Is today the day the United Methodist Church becomes something else?
One could argue "united" is something this global ministry of Jesus Christ most definitely has not been when it comes to issues involving homosexuality and how the church responds.
After years of debate, delegates to the church's General Conference are in St. Louis today for an extraordinary session. Three possible paths forward were on the table entering this legislative process:
• Continuation of the church's long-held stance that, while all are God's children of sacred worth, homosexuality's practice is incompatible with Christian teaching.
• Removal of that language, providing room for regional authorities within the church to open avenues for ordination of gay clergy and performance of same-sex marriages, but would not compel individual churches or clergy to engage in those practices.
• Creation of three branches within the global United Methodist Church to which individual churches could associate: one that would feature full inclusion of LGBTQ+ people; one that would maintain the traditional stance; and one that would neither forbid or require individual churches to take one path or the other.

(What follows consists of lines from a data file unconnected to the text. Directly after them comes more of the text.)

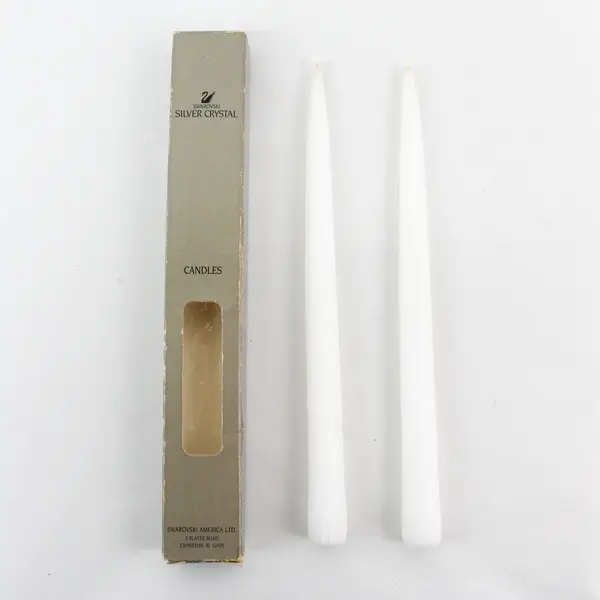 3 Boxes of 2 Swarovski Taper Candles For Swarovski Silver Crystal Candle Holder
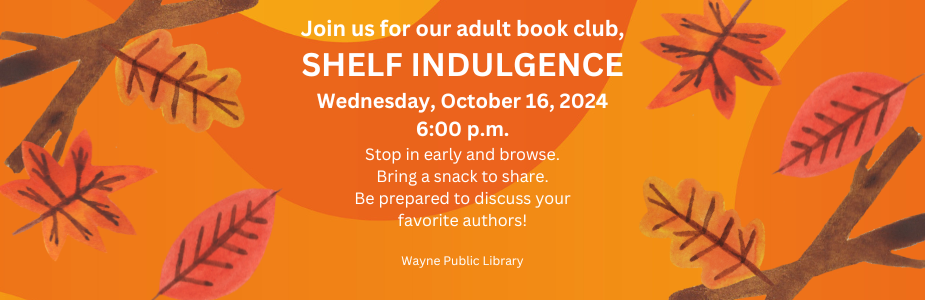 Book Club for Adults 10/16/24 at 6pm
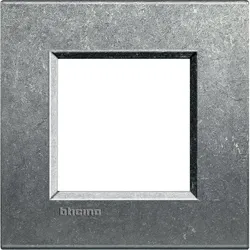 Legrand LNA4802NA Abdeckrahmen LIVINGLIGHT: 1-fach, 2 Module, Farbe: Alu Natur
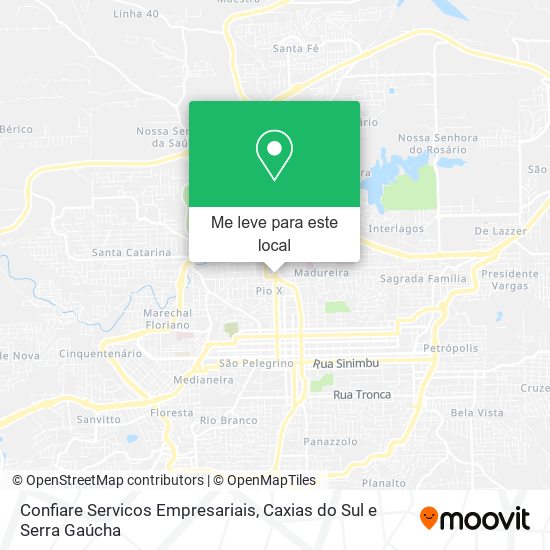 Confiare Servicos Empresariais mapa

Or delegates could fashion some other response, but almost certainly, members in churches this morning in Northwest Arkansas and beyond may have spent their last Sunday morning in the United Methodist Church as they've known it. Many in the denomination believe a major transformation will arise from St. Louis regardless of which decision comes.

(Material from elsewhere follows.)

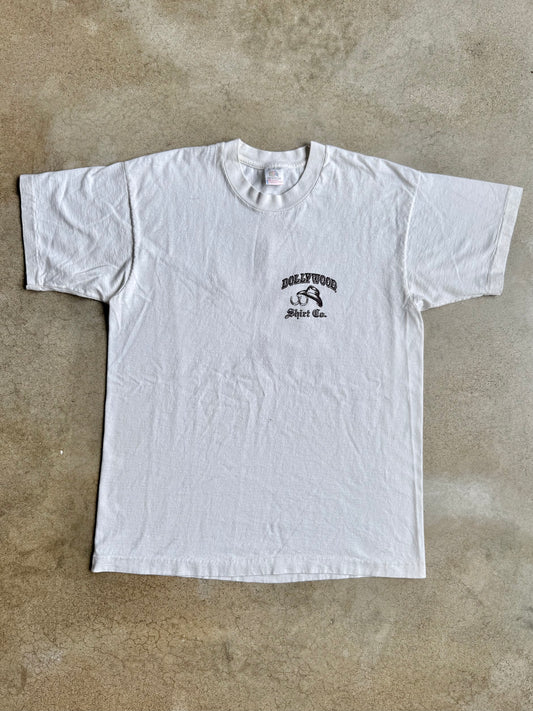Vintage 1990s Dollywood Shirt Co. “Bronc Rider” Graphic Tee | Large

Much of the power of the United Methodist Church to perform its many ministries around the world comes from its size as a global organization. Some are concerned that a split on the question of homosexuality, ordained clergy and same-sex marriages will diminish that strength, and it certainly seems reasonable to believe a reduction in resources would hurt ministries.
A powerful question earnestly weighing on the minds of United Methodists is whether such bureaucratic concerns -- the church's organizational power based on sheer size -- should trump serious theological matters.
Ultimately, the United Methodist Church is a man-made organization that has admirably performed under the power and grace of Jesus Christ. It is an almost 51-year-old structure created by a merger of now-gone churches affiliations. The questions United Methodists might answer in St. Louis this weekend are significant in the way we humans interact with our faith and treat one another, but faith is and always will be a personal matter of the deepest kind.
If I can fault my denomination -- and others, too -- it's for sometimes getting caught up in "church" structure above and beyond the concerns of eternal significance.
It may be that in the end, people of differing perspectives of what the Bible demands of practicing Christians very well may have to go their separate ways to be in service in a manner true to their convictions. That is an outcome of our human frailties and have been represented in religious institutions since, well, since there have been religious institutions.
Our human organizations cannot operate without definition. If we are to join together in any human endeavor, there must be some fundamental agreement as to what the organization wants to achieve and stands for. It's difficult enough with secular organizations. Throw in the questions endemic to faith and a force that brings unity can be just as powerful a force in bringing disagreement.
Nonbelievers may find it easy to cast aspersions, perhaps accusations of hypocrisy toward a faith rooted in the teachings of Jesus. Faith in Jesus, however, is no path to easy answers, just lasting ones. For believers, such matters extend well past the concerns of this world. They are wrestling with eternal matters.
What can be said with certainty among the people of the United Methodist Church is God's grace is fully capable of bringing all people of the faith through these challenging times. Ultimately, it's not one's relationship to a church organization that matters.